* [Requirement]
Every line of the data should be written out exactly, with the pictures left out.

Information supplied START

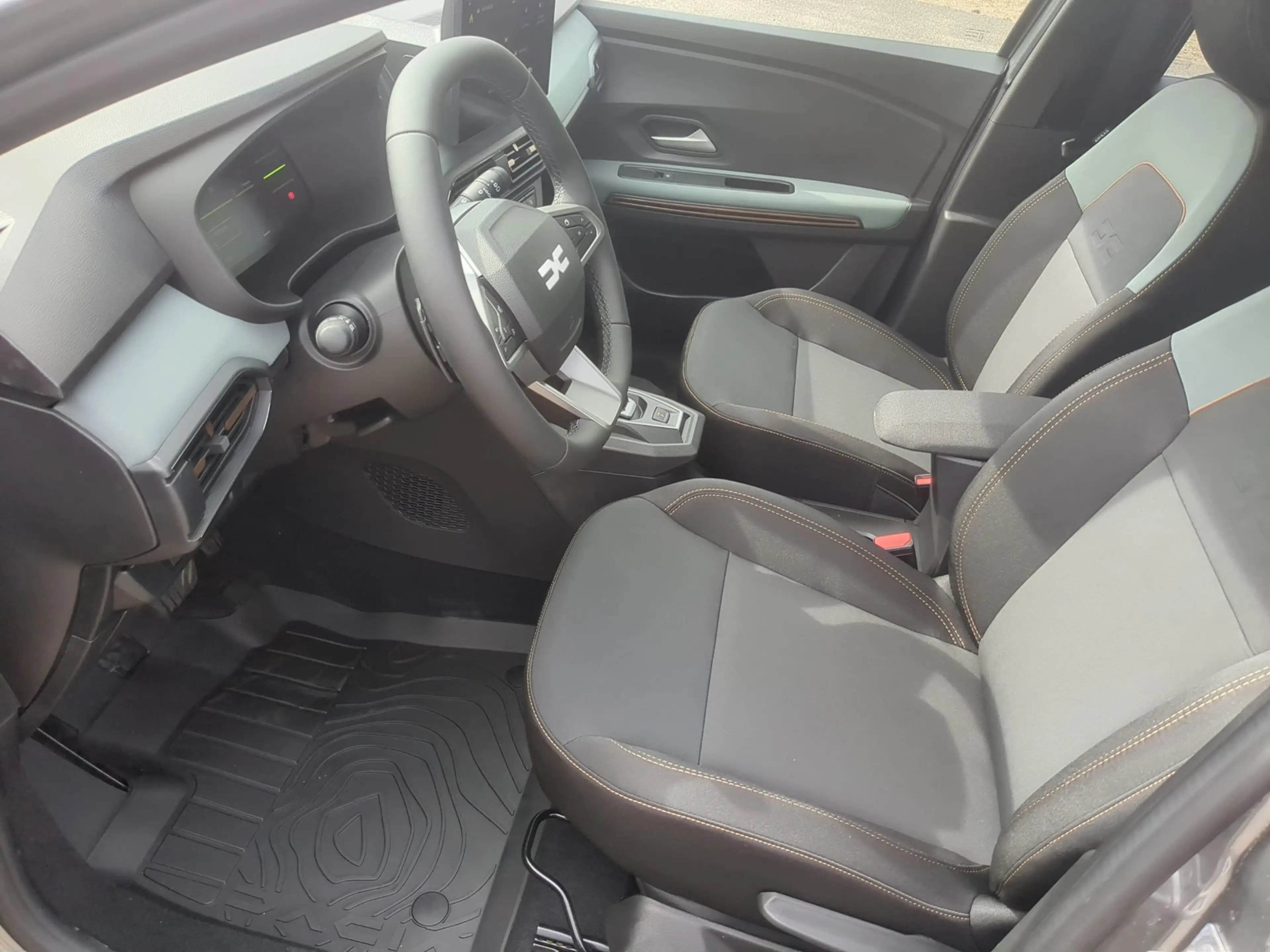 Dacia Jogger LPG 120 auto Extreme 7-S SHZ LKHZ MV-Kamera — photo 5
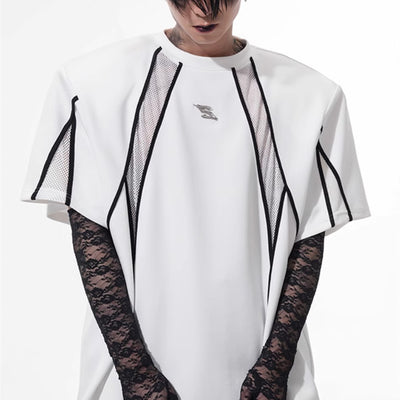 Remera Negra con Costuras Huecas y Acolchado en Hombros - Image 8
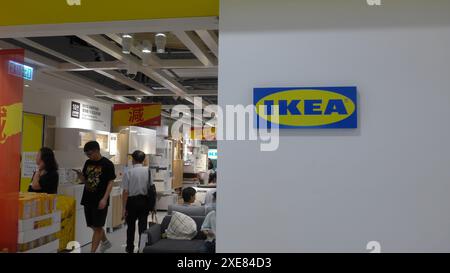 Shoppers dans le conglomérat multinational suédois qui conçoit et vend des meubles prêts à assembler, magasin IKEA à Hong Kong Banque D'Images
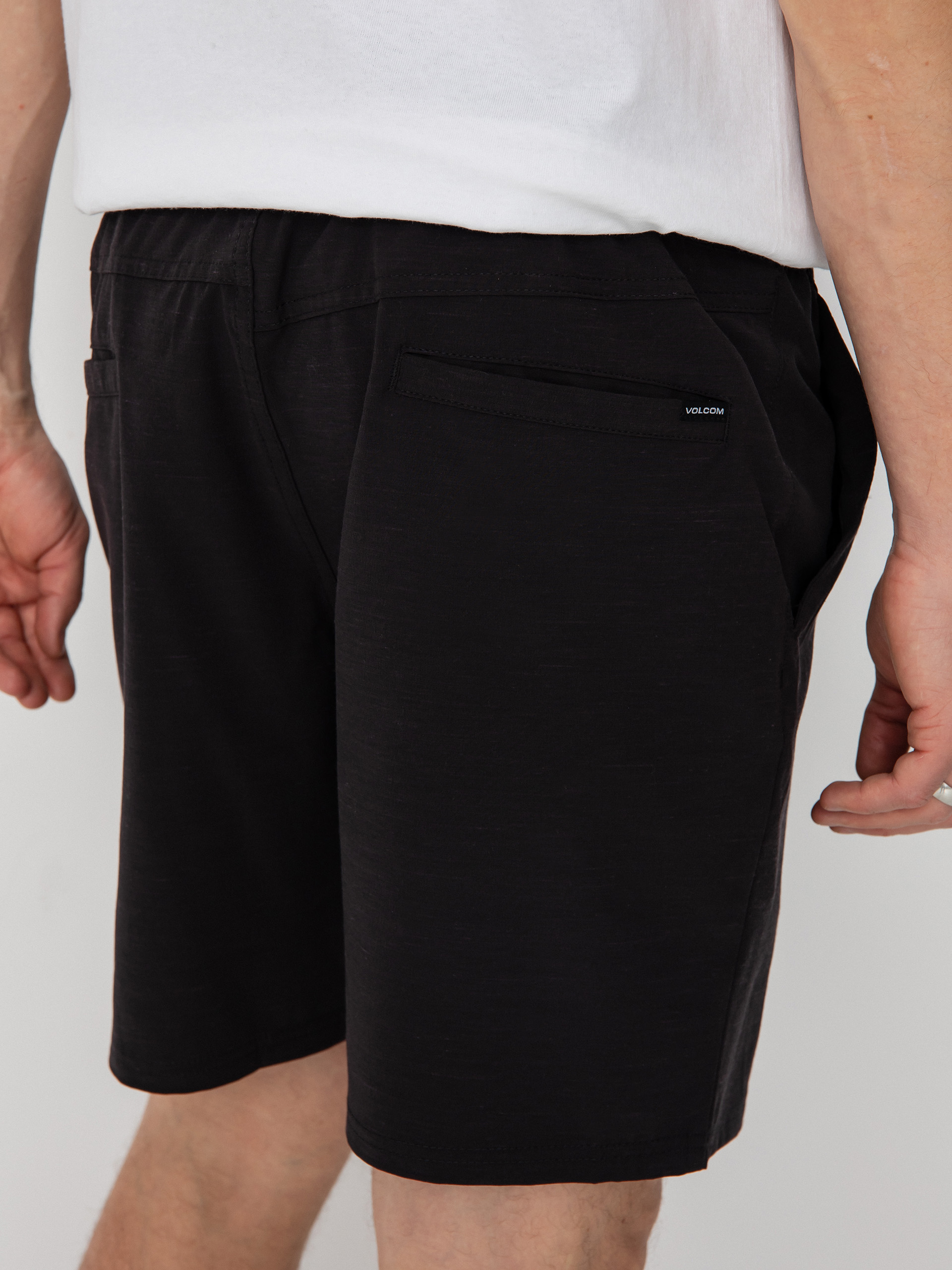 Volcom Къси панталони Understoned Hybrid 18 (black)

Information supplied END

* [Result below]
 Dacia Jogger LPG 120 auto Extreme 7-S SHZ LKHZ MV-Kamera — photo 5
 Remera Negra con Costuras Huecas y Acolchado en Hombros - Image 8
 Shoppers dans le conglomérat multinational suédois qui conçoit et vend des meubles prêts à assembler, magasin IKEA à Hong Kong Banque D'Images
 Volcom Къси панталони Understoned Hybrid 18 (black)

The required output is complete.